Looks like the factory tapped bad threads in the tank or the plug had bad threads.


----------



## rocksteady (Oct 8, 2008)

If it was leaking at the threads and not just running out at that point, did you attempt to remove the plug and repair? 






Paul


----------



## ChrisConnor (Dec 31, 2009)

It's American, say no more. Nobody sold them here for a few years because they were so much trouble. They've only recently come back.


----------



## Tommy plumber (Feb 19, 2010)

rocksteady said:


> If it was leaking at the threads and not just running out at that point, did you attempt to remove the plug and repair?
> 
> 
> 
> ...


 





No. The pictures don't show it but there was some rust stains running down the W/H. She wanted a replacement from the get go. So repairing that leaking plug was off the table from the beginning.


----------



## ChrisConnor (Dec 31, 2009)

I think the question being asked is, was the tank leaking or was it just the plug, because if it was just the plug, American's tank warranty isn't going to (willingly) replace a heater for just a faulty plug seal, whether or not there are any "rust stains" on the shroud of the heater, no matter of what the customer "wants".


----------



## Master Mark (Aug 14, 2009)

*its junk*

:yes:


ChrisConnor said:


> It's American, say no more. Nobody sold them here for a few years because they were so much trouble. They've only recently come back.

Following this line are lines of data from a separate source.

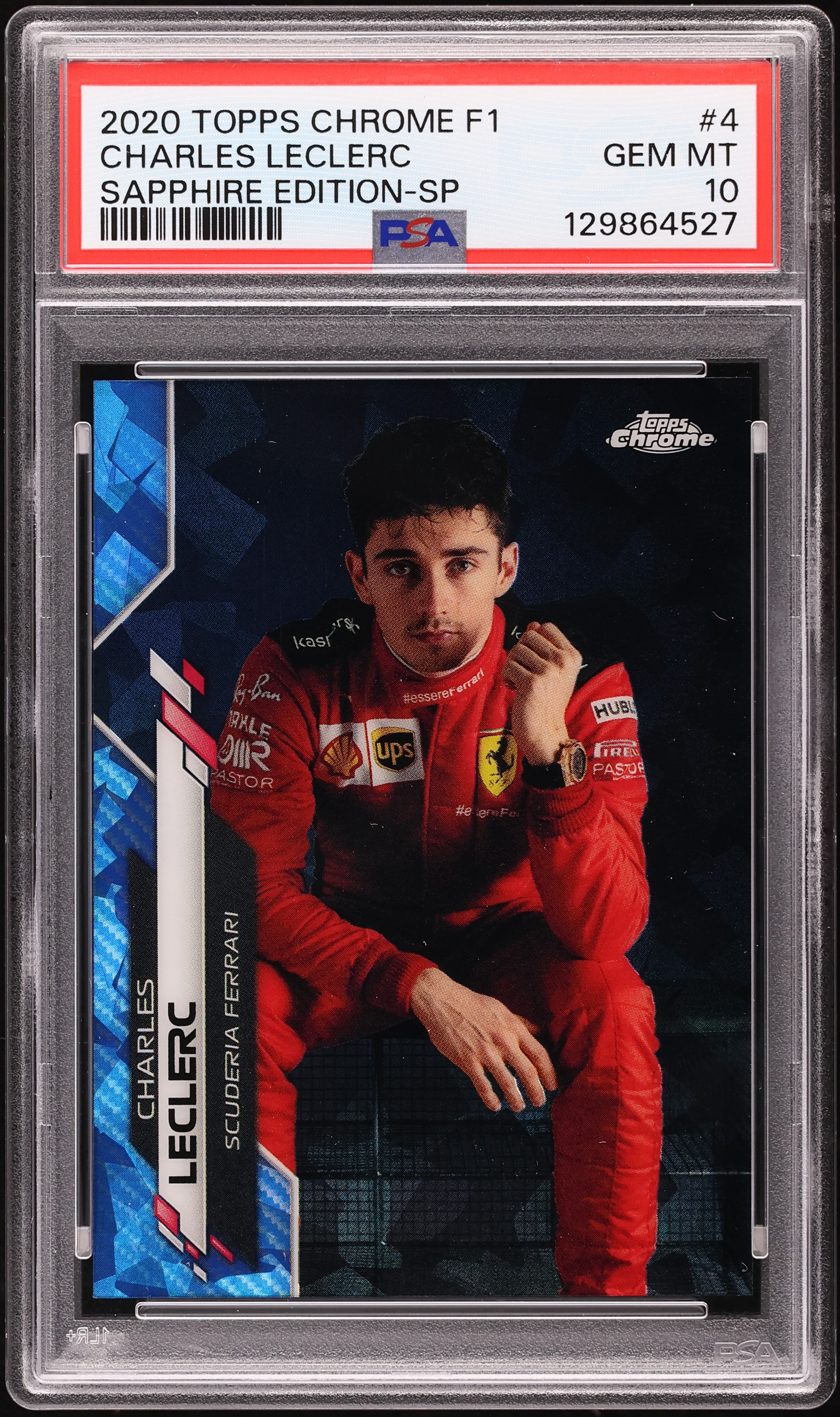 2020 Topps Chrome Formula 1 F1 Sapphire Charles Leclerc SP #4 PSA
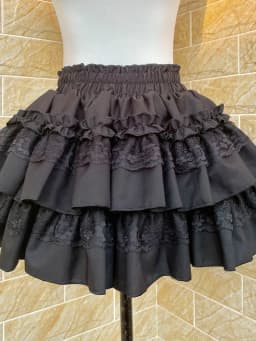 Sweet Black Cake Skirt Women High Waist Preppy Style Sexy Mini Skirts Summer Slim Lace Patchwork Female Vintage Ball Gown Skirt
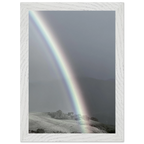 Black and white mounted framed poster of a rainbow after a summer storm from the California Central Coast travel collection, studio edition.
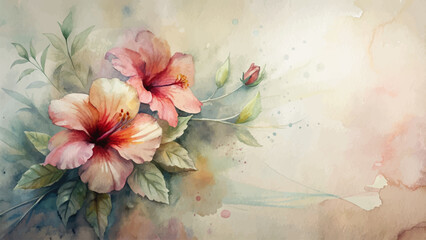 Wall Mural - Vintage hibiscus flower watercolor background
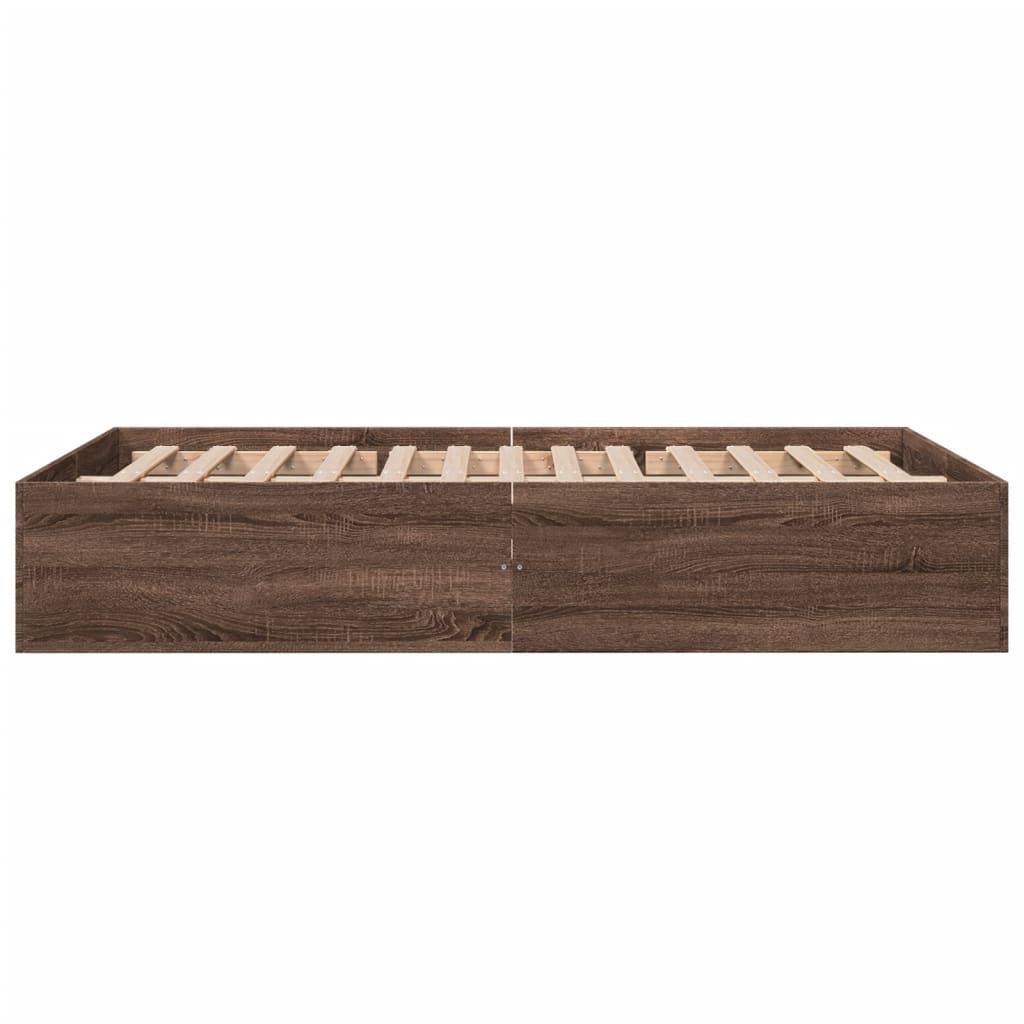 Cadre de lit sans matelas chêne marron 120x190 cm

I dont know how they are still in business........being the makers of whirlpool and all the lawsuits.....:yes:


----------



## ChrisConnor (Dec 31, 2009)

Master Mark said:


> :yes:
> 
> I dont know how they are still in business........being the makers of whirlpool and all the lawsuits.....:yes:


AO Smith bought them, they are supposed to be the same as AO Smith and State now.


----------



## Tommy plumber (Feb 19, 2010)

ChrisConnor said:


> I think the question being asked is, was the tank leaking or was it just the plug, because if it was just the plug, American's tank warranty isn't going to (willingly) replace a heater for just a faulty plug seal, whether or not there are any "rust stains" on the shroud of the heater, no matter of what the customer "wants".


 




It appeared to be the plug. The supply house took the W/H back, and gave me a replacement n/c.


----------



## ChrisConnor (Dec 31, 2009)

Tommy plumber said:


> It appeared to be the plug. The supply house took the W/H back, and gave me a replacement n/c.


That surprises me that they'd do that. Rheem and Bradford have contractors that air test returned water heaters to make sure that they are leaking and if they aren't leaking tanks you get charged for the heater. I used to be a warranty rep for Rheem in 06 and they were implementing that right when I quit doing their work. 

Considering your heater is American I suppose that wouldn't happen, they are used to having leakers. lol.


----------



## Richard Hilliard (Apr 10, 2010)

The plugs are installed with an impact wrench and killed the tapered threads. No fixing that problem with a new plug. May work for a few months however it will start leaking again. I have found this with the drain valve at the bottom of some tanks.

I have found this to happen when a plumber installs a recirculation line and over tighten the nipple at the bottom of the heater.


----------